Der nördlichste der sieben Gliedstaaten der Vereinigten Arabischen Emirate überzeugt mit einer recht dünn besiedelten Küste und einigen guten Strandhotels am Persischen Golf sowie der praktisch menschenleeren Al Wadi Wüste und den schroffen Felsen des Hadschar-Gebirges. Letzteres beschert dem Gebiet sogar einen relativ hohen Grundwasserspiegel, der den Anbau von Datteln und Orangen in Küstennähe ermöglicht und vereinzelten Sträuchern und Grasbüscheln ein karges Leben in der trockenen Wüste garantiert.
INFORMATIONEN
Anreise: Ab Frankfurt nonstop mit Emirates oder Lufthansa nach Dubai. Ab circa 400 Euro, www.emirates.com, www.lufthansa.com. Transfer im Minibus anderthalb Stunden.
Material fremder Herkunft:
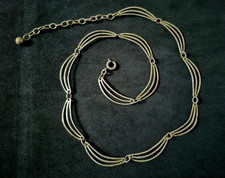 Schönes Vintage FBM 835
Unterkunft: DoubleTree Hilton Resort & Spa Marjan Island, 5 Sterne, Strandlage mit Kidsclub. DZ mit Kinderbett und Frühstück für 2 Erwachsene, 1 Kind ab 95 Euro / Nacht, www.hiltonhotels.de.
Angebote: 1 Woche im Juni im Hilton Ras Al Khaimah Resort & Spa, 5 Sterne, Ü / F, inkl. Flügen, Transfers ab 510 Euro pro Person bei TUI, www.tui.com. Ähnliche Sommerspecials bieten bspw. FTI, www.fti.com, oder Alltours, www.alltours.de.
Wüste: Luxuriöse Poolvilla im familienfreundlichen Ritz-Carlton Al Wadi Desert, Sommerspecial ab 390 Euro / Nacht, diverse Wüstenaktivitäten optional buchbar, www.ritzcarlton.com.
Sommer-Rabatte für Familien: In den Sommermonaten von Mai bis September verschiedene Preisnachlässe für Familien: Zum Beispiel freie Kost und Logis für bis zu zwei Kinder unter 12 Jahren. de.rasalkhaimah.ae/ifoundrakde.
Auskünfte: auf Deutsch unter de.rasalkhaimah.ae
Eine überaus abwechslungsreiche Kulisse, bedenkt man, dass das kleine Herrschaftsgebiet nicht einmal doppelt so groß ist wie Berlin. Insgesamt liegt das landschaftlich schöne Emirat im Schatten der Glitzerwelten von Dubai und Abu Dhabi und konnte sich so noch etwas von seinem ursprünglichen orientalischen Charme bewahren. Was Einheimische und vor allem Urlauber sehr zu schätzen wissen. Außerdem sind die Preise deutlich günstiger als die der mächtigen südlichen Nachbarn. Das macht die Region besonders bei Familien beliebt.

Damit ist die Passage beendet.